Chapter 7. Service mistakes

We're pleased to say that for the duration of the time our service was live we didn't ever lose any incoming email, suffer from service unavailability, or otherwise fail in any significant fashion.

But no service is perfect, and there were some mistakes made which came back to haunt us.

Failure To Understand Scale

Time was spent in the early days of the service implementing features which just didn't scale and had to be withdrawn. As with many mistakes this was a learning experience and it was not necessarily a bad thing to add features only to remove them when they proved unpopular or less useful than initially anticipated.

As a concrete example we exported an RSS feed containing summaries of rejected mail early on. This proved to be an annoyance because RSS feeds aren't useful when they contain 30,000 entries!

Remote Hosting

The master machine which contained the central archive of rejected mail was located in America.

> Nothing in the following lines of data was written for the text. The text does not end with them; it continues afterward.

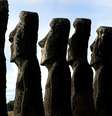 Estátuas Moai em Ahu Akivi, na Ilha de Páscoa 31/10/2003 REUTERS/Carlos Barria  Foto: Reuters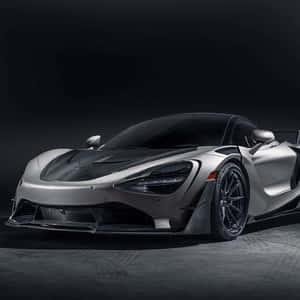 銀色McLaren Senna超級跑車在黑暗的攝影棚環境中帶有碳纖維細節。 — 麥拉倫 壁紙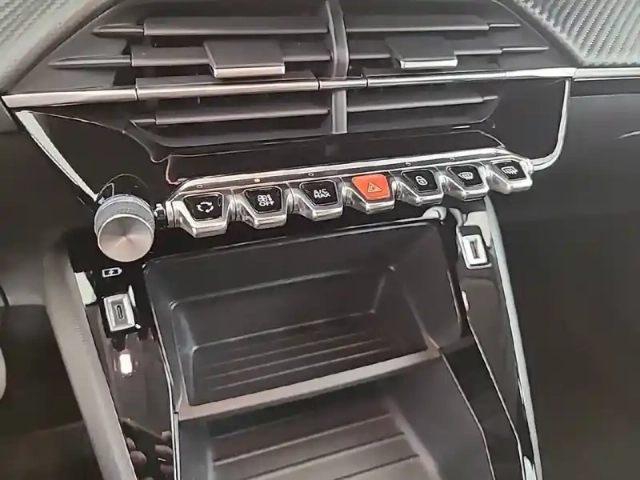Peugeot 208 puretech 75 s&amp;s bvm5 — photo 21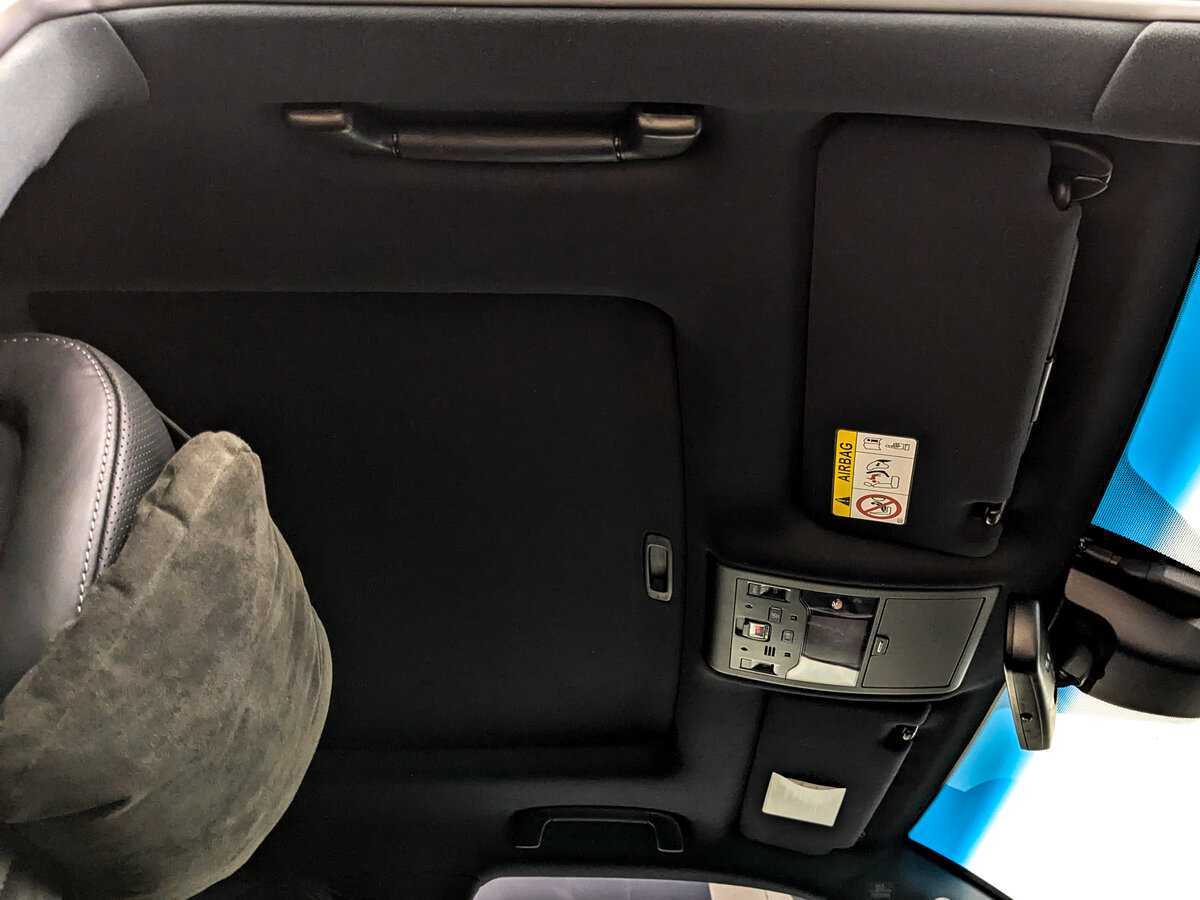 Б/У Лексус Л-Икс 2021 года. Фото: #26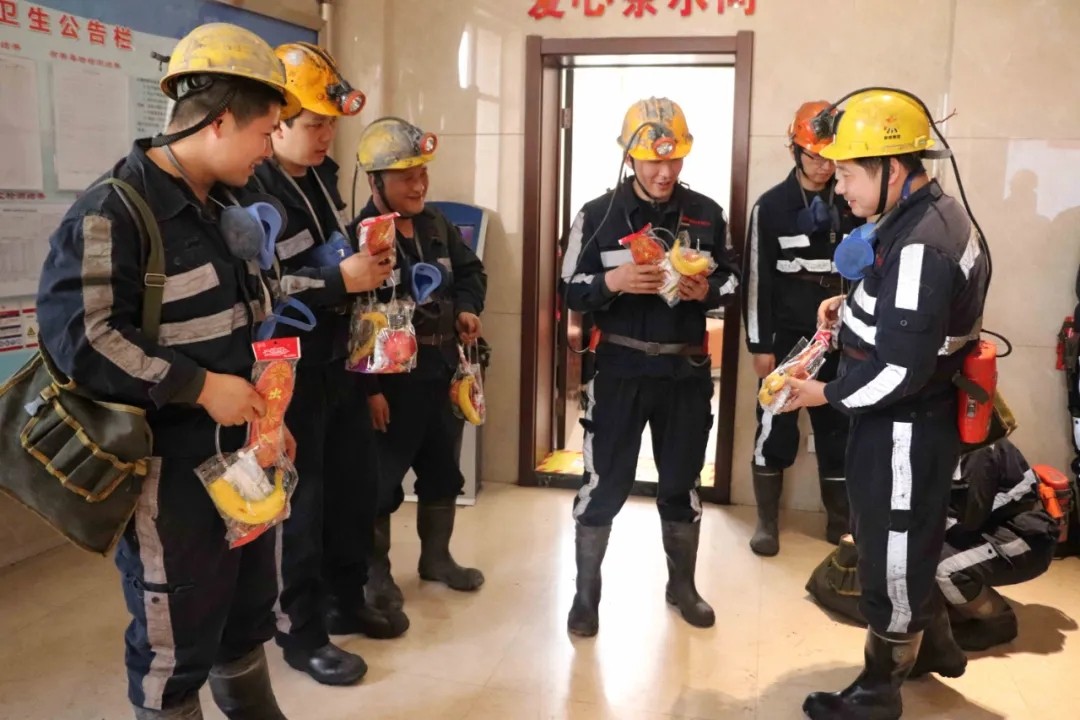 281701133008517222.jpeg 节日慰问.jpg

Although the archive was local to the system itself, such that users logging into the control panel and viewing their rejected mail wouldn't suffer a delay.

The downside to the location was primarily that the additional network distance from the MX machines meant that copying the archives of rejected mail was slower than the ideal.

Were we to replicate the distributed setup more care would be taken to ensure that the various hosts were "close" to each other. e.g. All hosts would be located in America/Germany/The Netherlands (in this case we'd still aim for redundancy, by using different hosting companies in the same country).

The Quarantine Storage

Over the lifetime of the service we used several different techniques for storing the archive of rejected mail. Initially we stored it in a per-domain SQLite database but this became too slow once domains started to be added to our service that saw significant volumes of email.

Our first mistake was to move from storing the rejected mail in SQLite to storing it in MySQL. But eventually we fixed that, and we moved to storing rejected mail beneath a /reject directory on the master machine - and merely keeping indexes updated whenever we added/removed archived mail.

Bayesian Corruption

The Bayesian filtering we applied to incoming mail was implemented using the existing spambayes software, however it was soon discovered that the system didn't lock its database properly.

If a mail were being tested for a domain at the same time as a training event was occurring corruption would wipe out the database. So we had to modify spambayes to invoke it with a wrapper to apply locking. These wrappers are documented in Appendix D.

Failure To Use DNS Caches

Many different parts of our testing process involved the use of DNS lookups. We achieved a significant boost in throughput when we implemented local DNS caches upon each MX machine.

We could qualify the use of DNS caches as a service optimisation, but it is probably fairer to say that not using a cache initially was a definite mistake.

Repeating The Same Work

Because plugins were generally stateless we were frequently performing the same operations over and over again.

For example the detection of bad HTTP links in incoming emails involved performing DNS queries against all links in a message, and almost every HTML email would contain references to an external DTD which would be recognised as a hyper-link.

We eventually skipped processing all links which referred to sites such as w3.org, microsoft.com and openxmlformats.org.